Top of EXERCISE INPUT
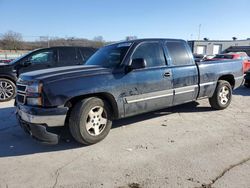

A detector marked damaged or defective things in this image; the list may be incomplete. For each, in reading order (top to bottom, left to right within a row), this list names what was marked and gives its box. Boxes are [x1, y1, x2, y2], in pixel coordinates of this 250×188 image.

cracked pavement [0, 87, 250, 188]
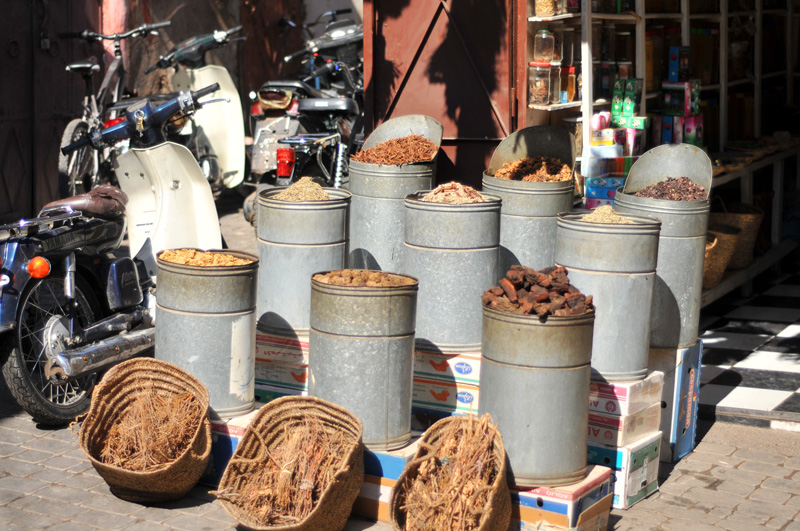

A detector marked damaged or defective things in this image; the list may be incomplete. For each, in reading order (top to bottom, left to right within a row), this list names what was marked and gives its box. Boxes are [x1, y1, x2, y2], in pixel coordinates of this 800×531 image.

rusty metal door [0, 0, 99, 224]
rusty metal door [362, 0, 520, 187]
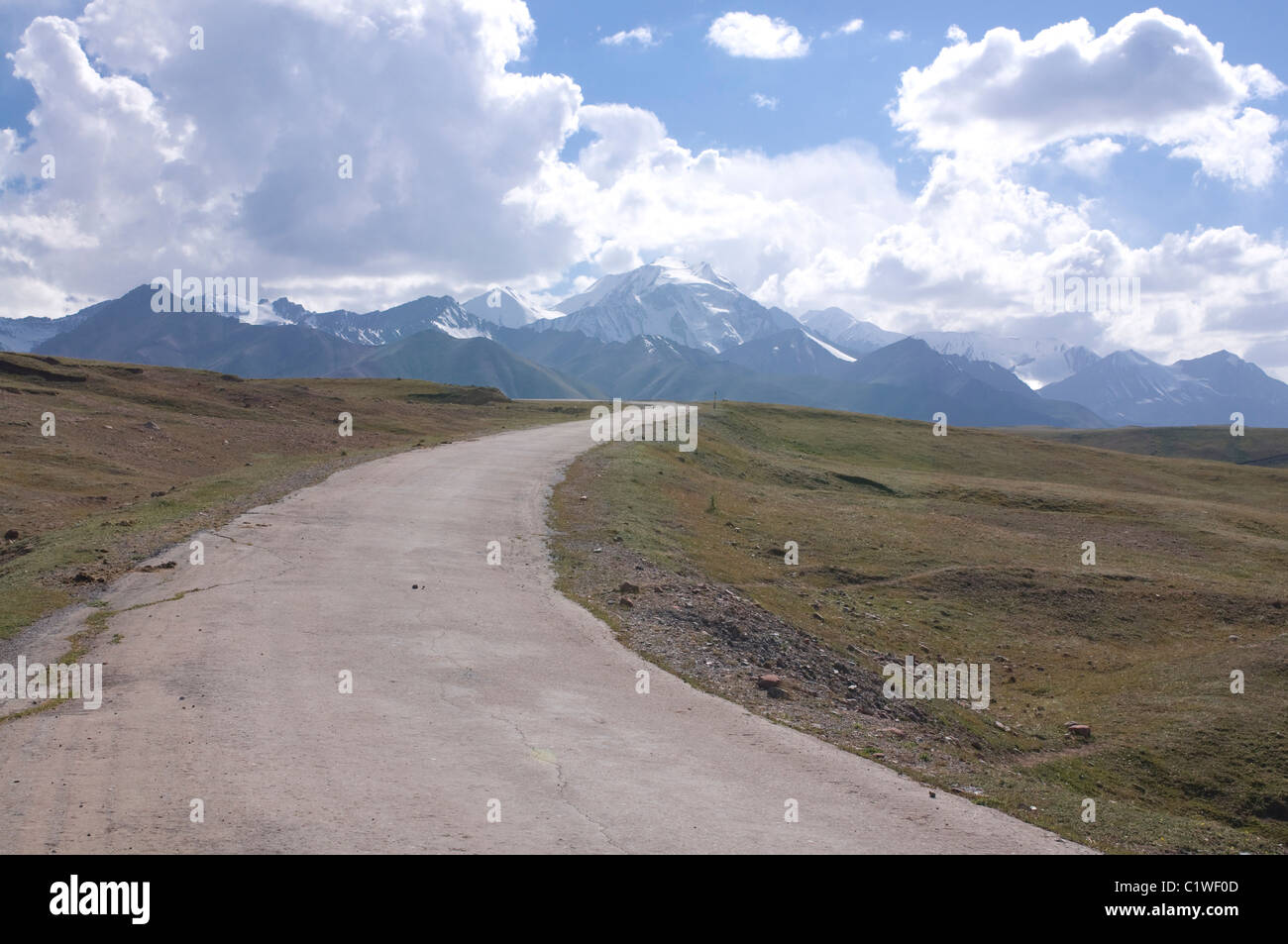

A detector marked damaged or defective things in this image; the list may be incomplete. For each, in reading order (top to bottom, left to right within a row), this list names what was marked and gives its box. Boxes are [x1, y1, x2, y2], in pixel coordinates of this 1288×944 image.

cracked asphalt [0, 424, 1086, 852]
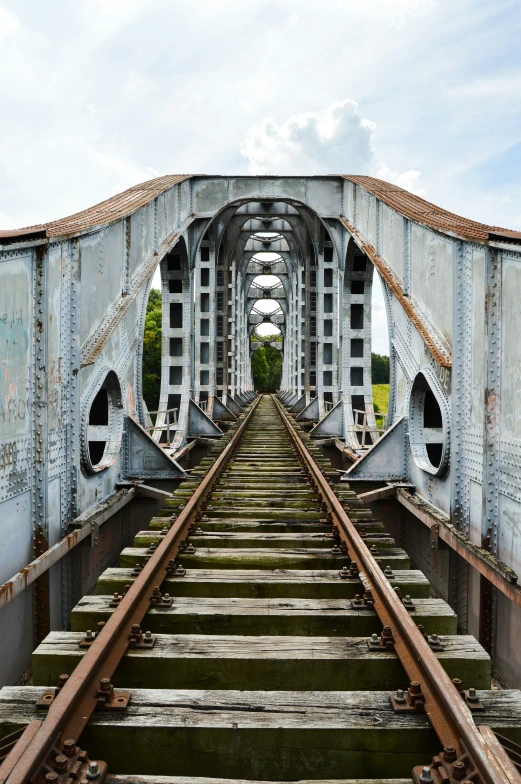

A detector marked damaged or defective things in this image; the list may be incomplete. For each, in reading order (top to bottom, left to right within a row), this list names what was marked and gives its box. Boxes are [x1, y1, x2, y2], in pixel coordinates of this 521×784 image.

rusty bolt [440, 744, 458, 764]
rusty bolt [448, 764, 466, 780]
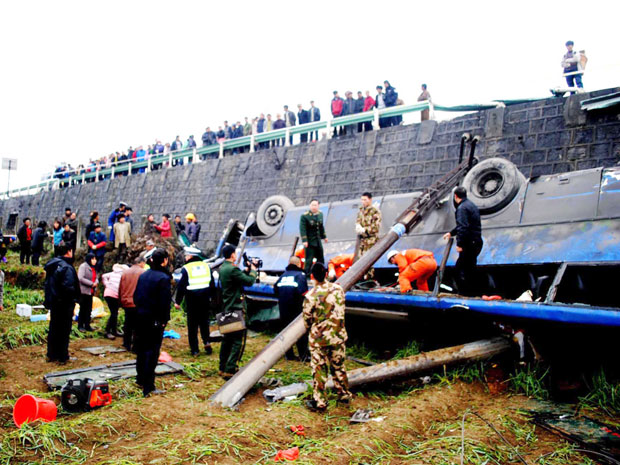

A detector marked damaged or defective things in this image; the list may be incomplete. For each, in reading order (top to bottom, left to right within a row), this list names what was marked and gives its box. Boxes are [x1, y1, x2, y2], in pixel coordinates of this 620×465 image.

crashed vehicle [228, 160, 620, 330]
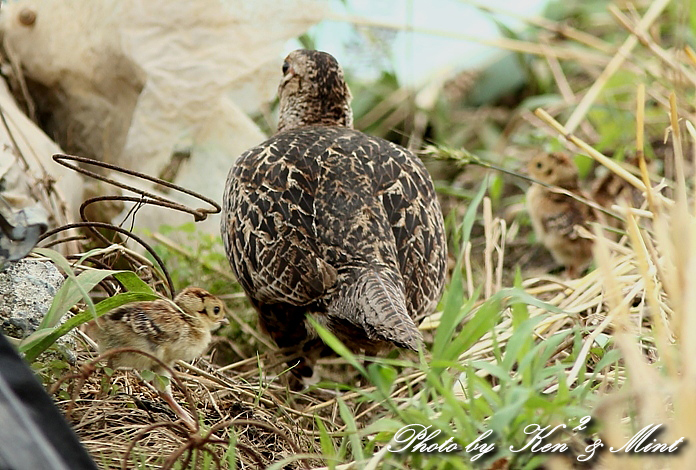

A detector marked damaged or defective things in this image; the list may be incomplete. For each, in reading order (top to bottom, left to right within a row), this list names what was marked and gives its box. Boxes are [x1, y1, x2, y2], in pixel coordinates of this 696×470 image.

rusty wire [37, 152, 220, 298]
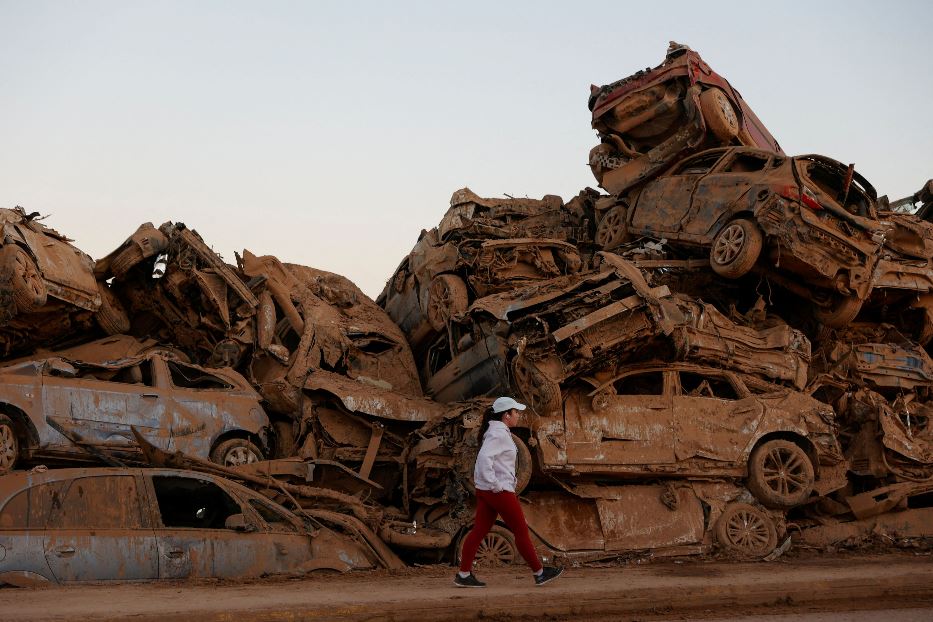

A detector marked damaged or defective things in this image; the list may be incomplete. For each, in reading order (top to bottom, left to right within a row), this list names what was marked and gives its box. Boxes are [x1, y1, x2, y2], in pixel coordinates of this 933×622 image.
Bottom of EXERCISE INPUT
--- WHAT YOU HAVE TO DO ---
From the first line to the last, write out the data exactly, omitting any pictures.

--- ANSWER TO THE PROBLEM ---
A detector marked damaged or defective things in this image; the list may be incomplete. For each, in reading order (top to bottom, left to right within a row), this list names what was marked and gives its box. Boxes are [x1, y1, x2, y2], in pixel coordinates of this 250×188 image.

cracked pavement [0, 87, 250, 188]

A detector marked damaged or defective things in this image; the list may be incomplete. For each, in reading order (top to bottom, left to right within a row), this list names what was marked and gives its box. Boxes are [x1, y1, x2, y2], in pixel coordinates of this 800×531 image.

rusty metal door [0, 0, 99, 224]
rusty metal door [362, 0, 520, 187]

A detector marked damaged or defective things in this image; the list may be incomplete. For each, in reading order (top to bottom, left to right within a row), this list names what was marked and gives its box. Boxes are [x1, y1, x2, y2], in pixel coordinates of this 1288×944 image.

cracked asphalt [0, 424, 1086, 852]

A detector marked damaged or defective things in this image; the list may be incomplete. For each, in reading order (top to bottom, left to right within a row), this list names what was marked and gives its box. Boxes are [x1, y1, x2, y2], in pixel coordinates of this 521×784 image.

rusty bolt [440, 744, 458, 764]
rusty bolt [448, 764, 466, 780]

A detector marked damaged or defective things in this image; the list may be incomplete. For each, in reading order (top to bottom, left to right within a row), this list names what was marked and gives its box. Boxes are [x1, y1, x2, y2], in pixel coordinates of this 620×465 image.

crashed vehicle [228, 160, 620, 330]

A detector marked damaged or defective things in this image; the list may be incomplete. For each, in reading order (top to bottom, left to right within a row), this list names what was marked and gives its box. Boxes are [x1, y1, x2, y2], in pixel coordinates of this 696×470 image.

rusty wire [37, 152, 220, 298]

A detector marked damaged or defective things in this image; the list may be incomplete. For each, in reading order (top to bottom, left to right within a row), this list names what was marked and gives its box. Boxes are [x1, y1, x2, y2], in pixel coordinates of this 933×622 image.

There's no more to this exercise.